#### Work item
No line before the one containing "Contemporary styling meets" should appear; that line and all lines after it, through the end of the data, are to be set down exactly.
(Available data begins)
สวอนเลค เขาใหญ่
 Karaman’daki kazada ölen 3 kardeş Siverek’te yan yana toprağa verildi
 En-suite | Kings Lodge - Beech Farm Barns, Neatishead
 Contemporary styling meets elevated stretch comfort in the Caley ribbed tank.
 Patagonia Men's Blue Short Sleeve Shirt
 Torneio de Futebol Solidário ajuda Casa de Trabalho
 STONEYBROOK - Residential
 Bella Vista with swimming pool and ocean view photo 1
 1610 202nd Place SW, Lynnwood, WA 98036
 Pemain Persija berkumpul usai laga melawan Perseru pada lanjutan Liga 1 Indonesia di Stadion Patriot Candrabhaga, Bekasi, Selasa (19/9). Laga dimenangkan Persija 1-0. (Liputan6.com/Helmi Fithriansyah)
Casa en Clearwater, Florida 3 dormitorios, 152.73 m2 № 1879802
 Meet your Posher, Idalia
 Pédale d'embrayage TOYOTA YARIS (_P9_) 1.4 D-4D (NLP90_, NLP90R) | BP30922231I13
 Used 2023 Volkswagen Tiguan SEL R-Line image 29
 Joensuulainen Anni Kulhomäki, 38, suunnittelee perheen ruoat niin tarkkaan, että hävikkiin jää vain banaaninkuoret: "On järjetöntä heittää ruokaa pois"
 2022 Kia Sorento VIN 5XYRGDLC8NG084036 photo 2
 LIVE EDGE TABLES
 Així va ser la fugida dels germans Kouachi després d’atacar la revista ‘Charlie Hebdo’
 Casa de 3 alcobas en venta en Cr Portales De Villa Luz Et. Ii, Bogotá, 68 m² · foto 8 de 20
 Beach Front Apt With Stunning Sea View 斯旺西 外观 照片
(Available data ends)
#### Task answer
 Contemporary styling meets elevated stretch comfort in the Caley ribbed tank.
 Patagonia Men's Blue Short Sleeve Shirt
 Torneio de Futebol Solidário ajuda Casa de Trabalho
 STONEYBROOK - Residential
 Bella Vista with swimming pool and ocean view photo 1
 1610 202nd Place SW, Lynnwood, WA 98036
 Pemain Persija berkumpul usai laga melawan Perseru pada lanjutan Liga 1 Indonesia di Stadion Patriot Candrabhaga, Bekasi, Selasa (19/9). Laga dimenangkan Persija 1-0. (Liputan6.com/Helmi Fithriansyah)
Casa en Clearwater, Florida 3 dormitorios, 152.73 m2 № 1879802
 Meet your Posher, Idalia
 Pédale d'embrayage TOYOTA YARIS (_P9_) 1.4 D-4D (NLP90_, NLP90R) | BP30922231I13
 Used 2023 Volkswagen Tiguan SEL R-Line image 29
 Joensuulainen Anni Kulhomäki, 38, suunnittelee perheen ruoat niin tarkkaan, että hävikkiin jää vain banaaninkuoret: "On järjetöntä heittää ruokaa pois"
 2022 Kia Sorento VIN 5XYRGDLC8NG084036 photo 2
 LIVE EDGE TABLES
 Així va ser la fugida dels germans Kouachi després d’atacar la revista ‘Charlie Hebdo’
 Casa de 3 alcobas en venta en Cr Portales De Villa Luz Et. Ii, Bogotá, 68 m² · foto 8 de 20
 Beach Front Apt With Stunning Sea View 斯旺西 外观 照片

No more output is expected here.